◆ Data extract ◆
━━━━━━
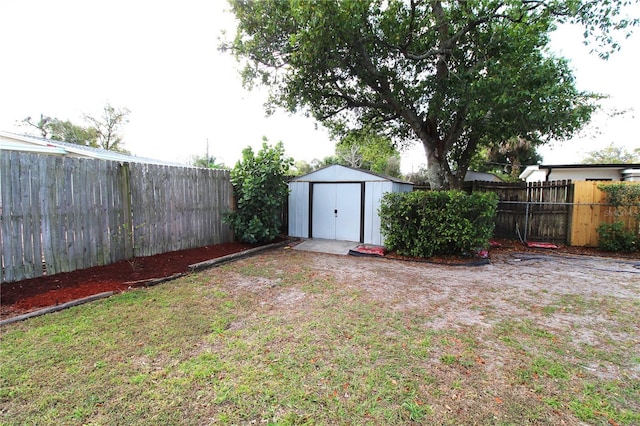 view of yard with a fenced backyard, a storage shed, and an outdoor structure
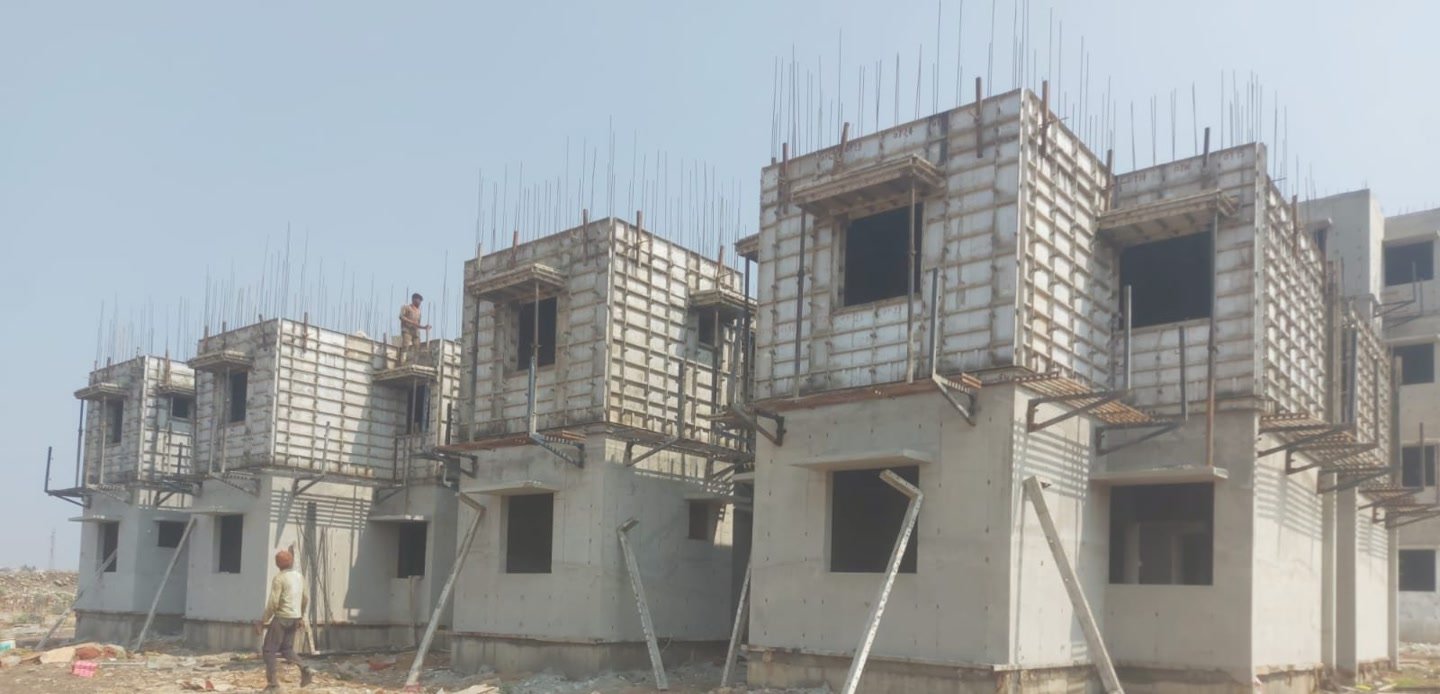 Rows of G plus three houses under construction at Talikoti with A.S. Betgeri aluminium centering in place.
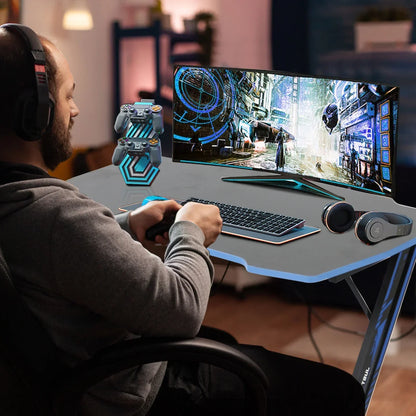 Man playing video games on gaming desk with ultra-wide monitor, wireless keyboard, controllers stand, and headphones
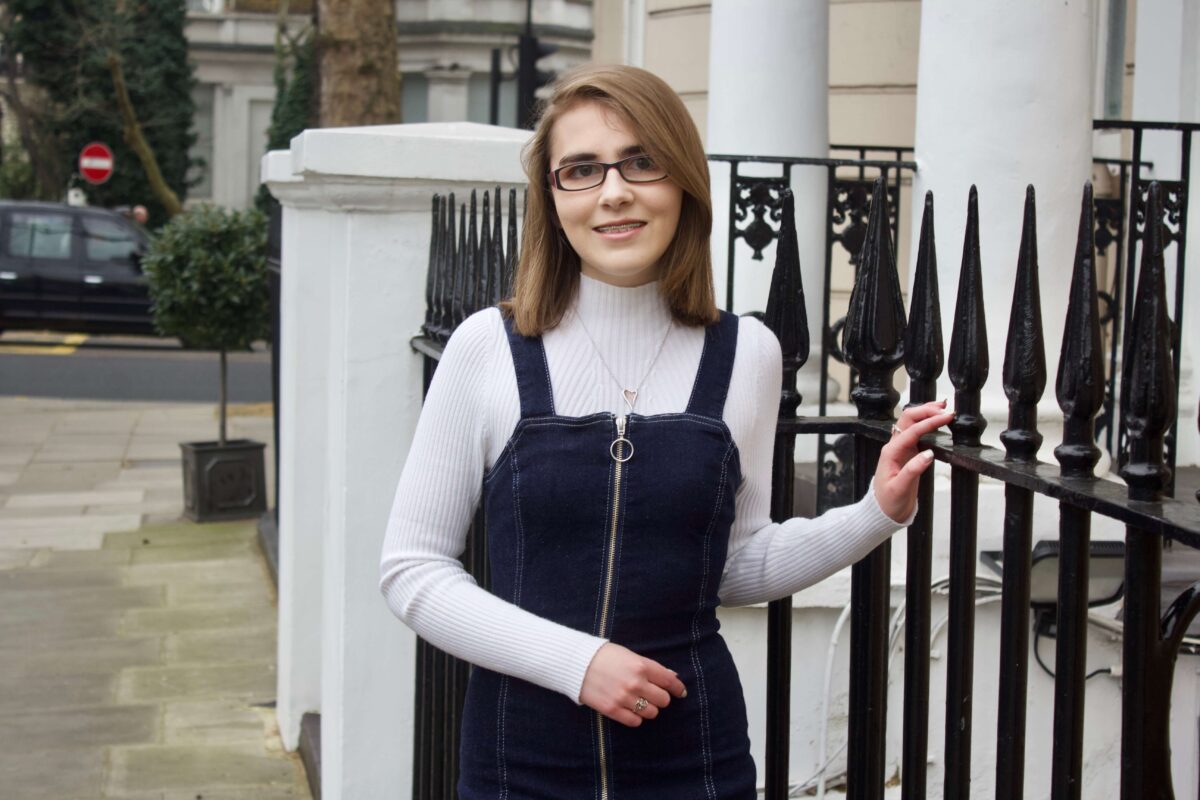 A photo of Elin smiling, her hand is on some pretty black railings outside a white house in London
━━━━━━
◆ What this task involves ◆
Only the text of the material belongs in your copy, which must match the original exactly.

◆ Result below ◆
 view of yard with a fenced backyard, a storage shed, and an outdoor structure
 Rows of G plus three houses under construction at Talikoti with A.S. Betgeri aluminium centering in place.
 Man playing video games on gaming desk with ultra-wide monitor, wireless keyboard, controllers stand, and headphones
 A photo of Elin smiling, her hand is on some pretty black railings outside a white house in London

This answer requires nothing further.